▶ [WHAT YOU HAVE TO DO]: Once the line holding "WESTERN STRAIGHT TROUSERS" is found in the entries below, restate it and each line after it word for word, with no pictures.
-- SOURCE MATERIAL follows --
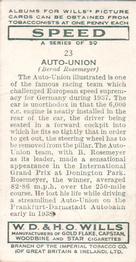 1938 Wills's Speed #23 Auto-Union Back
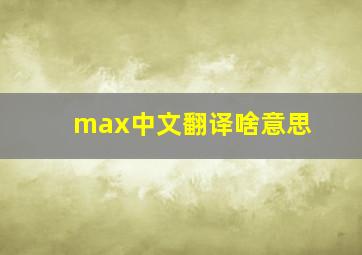 max中文翻译啥意思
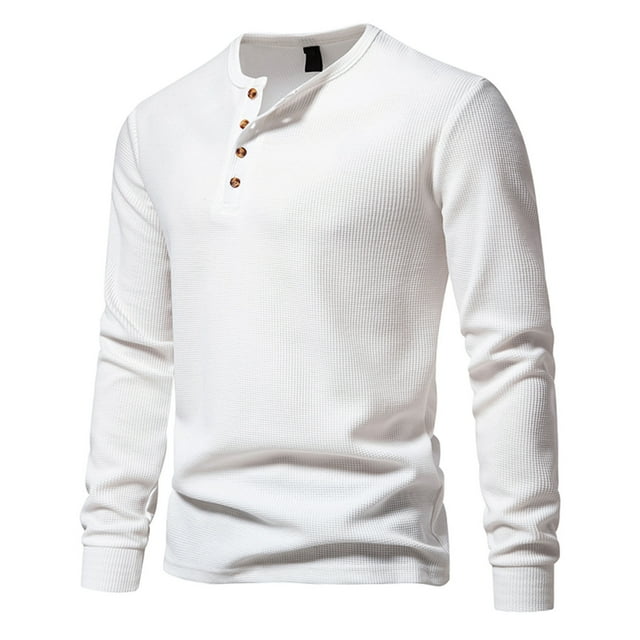 VALMASS Henley Shirts for Men Waffle Long Sleeve Casual Solid Color Crewneck Tops Soft Lightweight Button T-Shirts (XL, White)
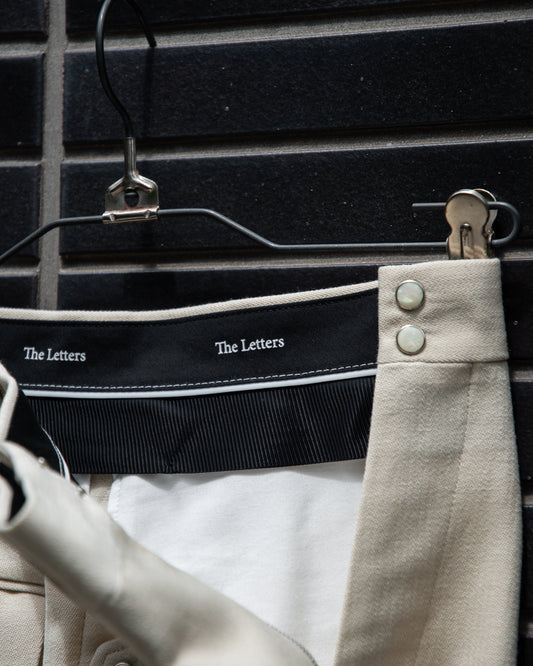 WESTERN STRAIGHT TROUSERS -WOOL LINEN HERRINGBONE-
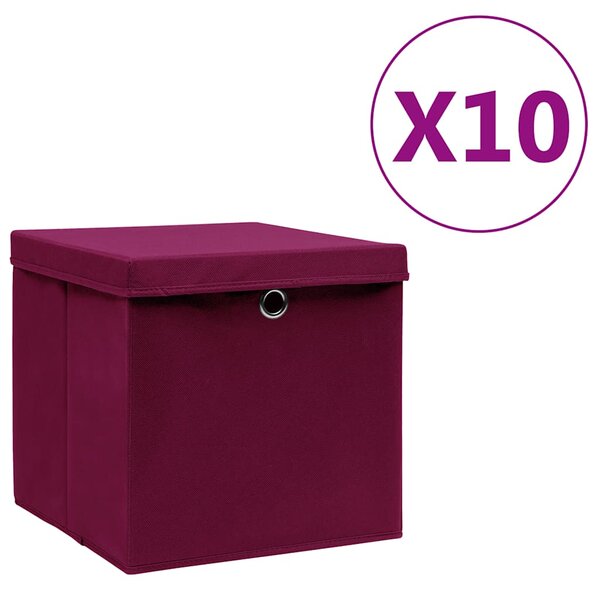 Úložné boxy s víky 10 ks 28 x 28 x 28 cm tmavě červené 325202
-- SOURCE MATERIAL concluded --
▶ [RESULT BELOW]:
 WESTERN STRAIGHT TROUSERS -WOOL LINEN HERRINGBONE-
 Úložné boxy s víky 10 ks 28 x 28 x 28 cm tmavě červené 325202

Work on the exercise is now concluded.